Within the EU, there has been a lot of debate about what qualifies as a “sustainable investment.” This important question has implications for investors to ensure compliance with the suite of EU ESG laws discussed above. From the investees point of view, this is required to ensure eligibility for investment. The development of any new regulation is accompanied by issues about standardisation, classification and defining concepts to find universal meaning. However, this is an especially difficult task when dealing with an inherently polycentric topic like ESG, which involves technical, scientific, technological, legal, policy, and economic input, and is also contextually influenced.

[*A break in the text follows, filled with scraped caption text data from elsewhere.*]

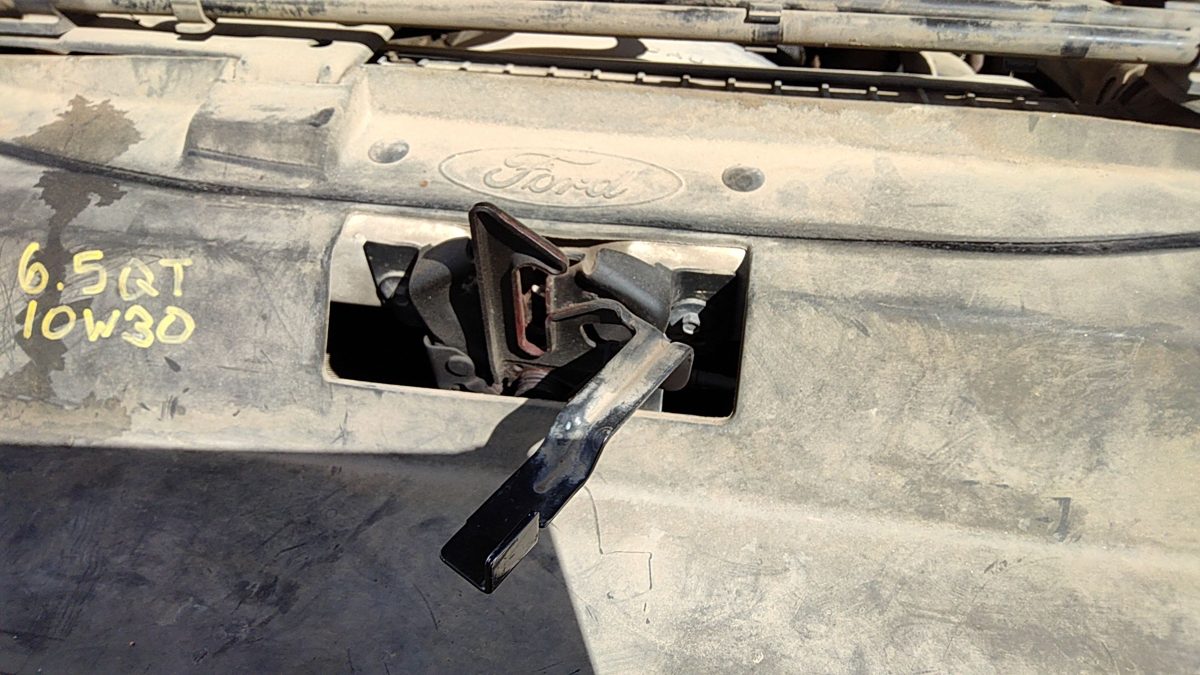 1999-2007 F250 Super Duty Hood Latch Assembly With Bracket Oem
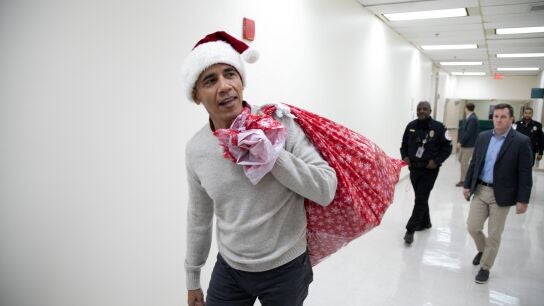 El expresidente de EEUU Barack Obama entrega regalos en un hospital para ni&ntilde;os en Washington.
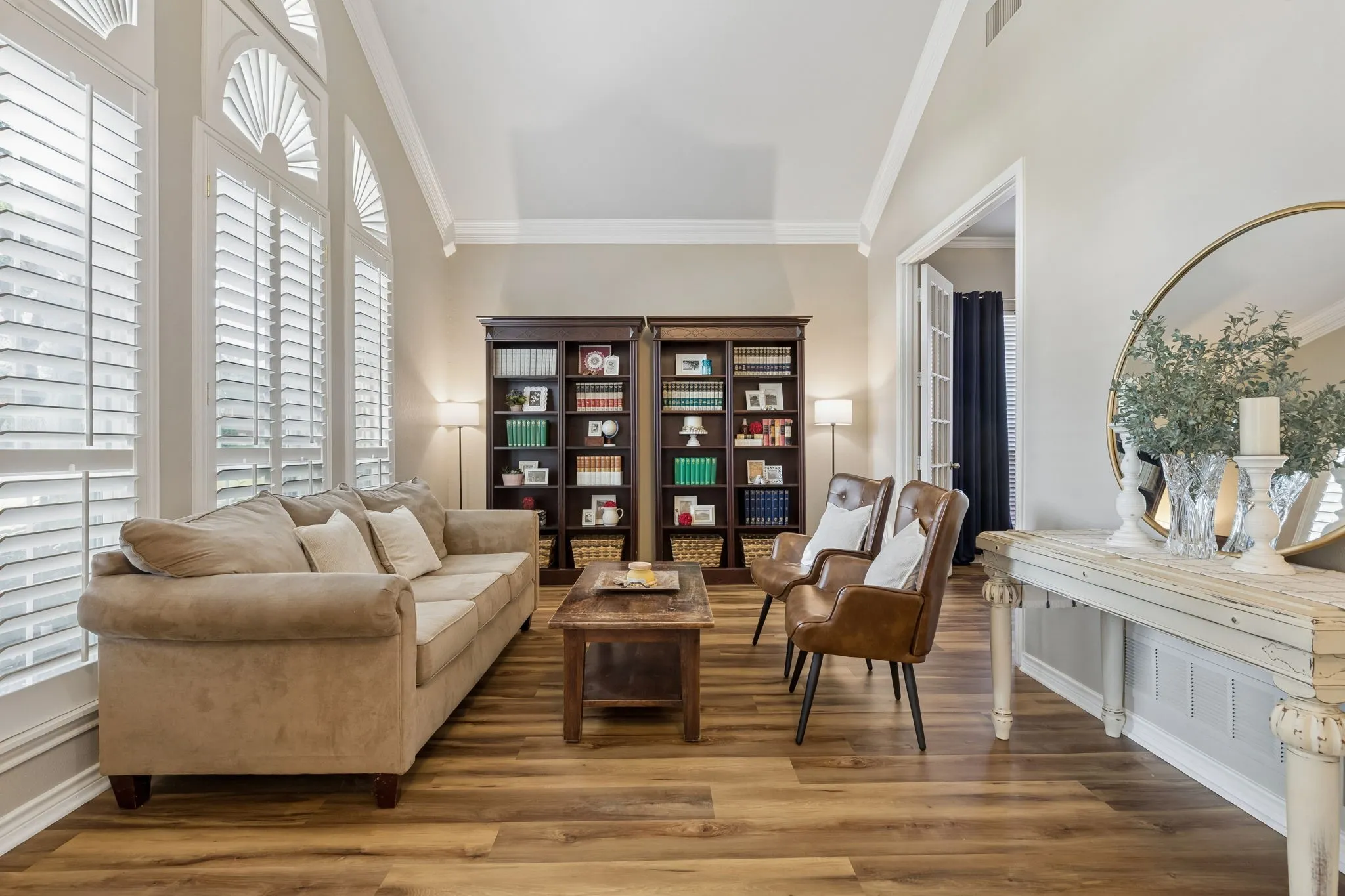 Single Family Residence For Sale in Collin County , 2120 Argyle Drive, Plano, Texas 75023, 5 Bedroom, 4 Bathroom, 3 Garage spaces, 3,796 Sqft, built in 1993, mls#21259998, Real Estate Agent in Plano, Homes For Sale in Collin county, Homes For Sale in Plano, Realtor in Plano Texas, Real Estate Brokerage Independent Realty Texas, Luminita Cordes Realtor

Projects involving sustainable investment are required to meet the relevant host country's regulations, which in most cases in Africa includes environmental compliance . In addition to being required to understand their own regulatory requirements within the EU, EU investors should also familiarise themselves with the regulatory environments surrounding a particular investment or project in Africa to understand if it is compliant with local laws and regulations on environmental, social and governance issues. The UN Environment Report found that despite a 38-fold increase in environmental laws put in place worldwide since 1972, failure to fully implement and enforce these laws at domestic level is one of the greatest challenges to mitigating climate change, reducing pollution and preventing widespread species and habitat loss.
Only if an investment is compliant with both the investors' and investees' regulatory frameworks on ESG criteria, will the investment be truly ESG compliant and constitute a holistic “sustainable investment”. It is crucial that both investors and investees familiarise themselves with the contexts and regulatory environments of both the jurisdictions from which and into which money is being invested. Responsible investing and jurisdiction specific due diligence will be key.

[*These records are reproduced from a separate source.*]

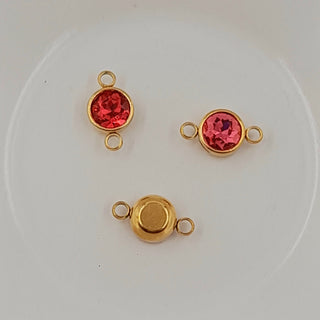 2-Hole Connector - Gold Set With Large Faceted Glass Hot Pink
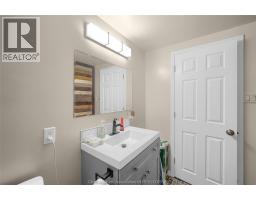 325 John STREET East - 38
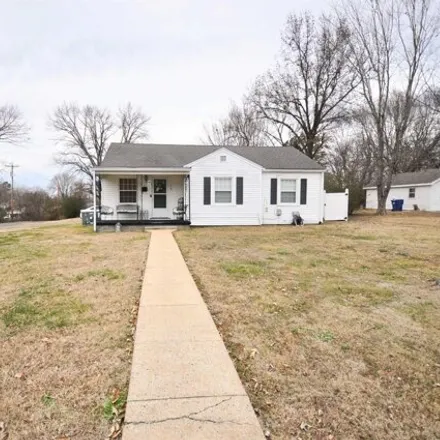 Buy this 3 bed house on 494 West 9th Street in Benton, KY 42025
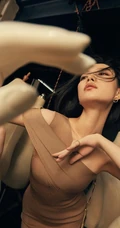 倪妮试衣间模特房慵懒十足艺术感写真图片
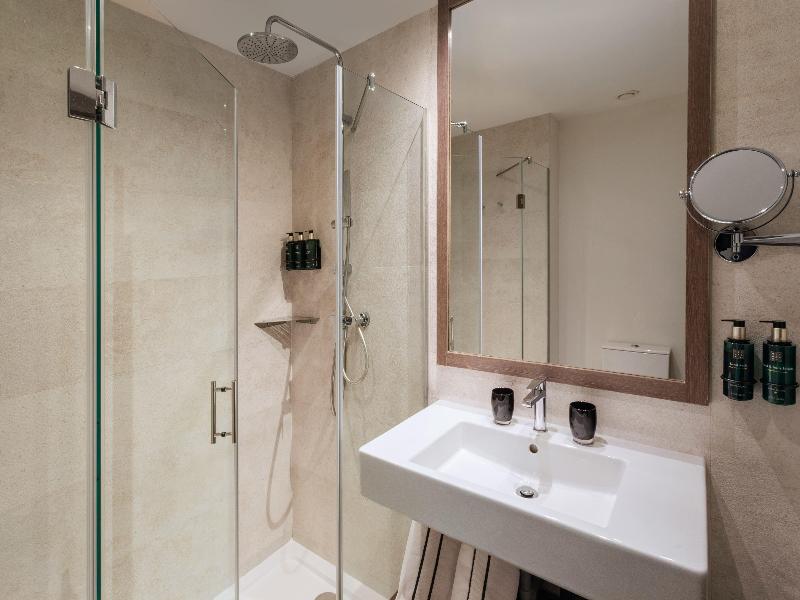 Melia Madrid Serrano image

In September 2020, the leaders of the Big Four accounting firms came together in a joint initiative to unveil a reporting framework for ESG standards. The drive to create a common ESG accounting framework has been sparked by rising frustration among investment groups over the plethora of competing systems for measuring sustainability. To report against the core ESG metrics in the framework should not be a challenge for ‘mature' businesses who have an established ESG reporting programme. However, for those businesses that do not report on ESG factors, significant work will be required to gather the necessary information. The proposals are voluntary so no business will be compelled (at this stage) to report against them, but it is expected that pressure will inevitably grow for organisations to adopt them. African companies that get ahead and start adopting the metrics, increase their potential attractiveness to investors. Embracing the framework is an opportunity for African businesses to send out a strong message to investors internationally about their commitment to the ESG agenda.
Exploitation of African resources has left its mark on the continent, with countries facing complex legacies and challenges. Africa as a continent is one of the least responsible for climate change, but stands to suffer the most from its impacts. As a result of COVID-19, stimulus spending amounting to the equivalent of trillions and trillions of dollars are being injected into the global economy at scales that are unprecedented and that have never been seen before. To benefit from ESG and impact investing, African companies need to position themselves to take advantage of these new funding opportunities as the world seeks to build back better.